*** SUPPLIED DATA ***
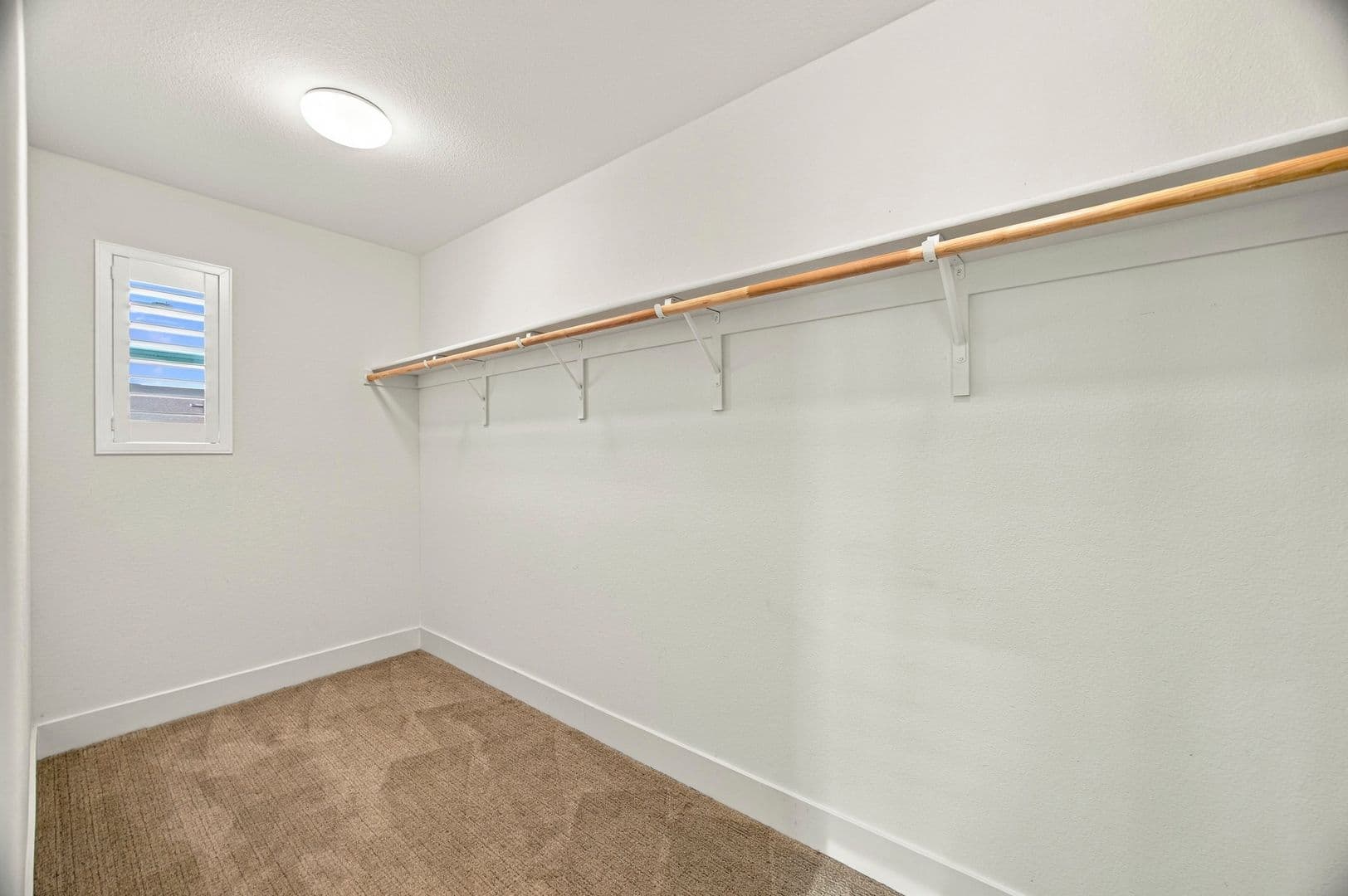 Newark House: 8564 Seawind Way
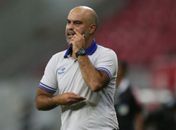 Cristian de Souza deixa o Paraná após 16 jogos e cinco vitórias (Foto: Aldo Carneiro / Pernambuco Press)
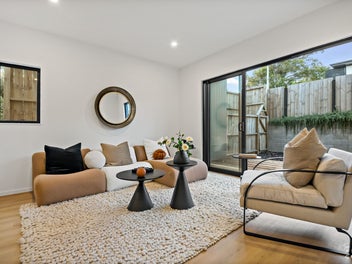 Smart Buying Begins in Mt Albert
*** End of SUPPLIED DATA ***
**ACTION ITEM:** Give the listing again word for word. Skip any pictures.

**ANSWER BOX:**
 Newark House: 8564 Seawind Way
 Cristian de Souza deixa o Paraná após 16 jogos e cinco vitórias (Foto: Aldo Carneiro / Pernambuco Press)
 Smart Buying Begins in Mt Albert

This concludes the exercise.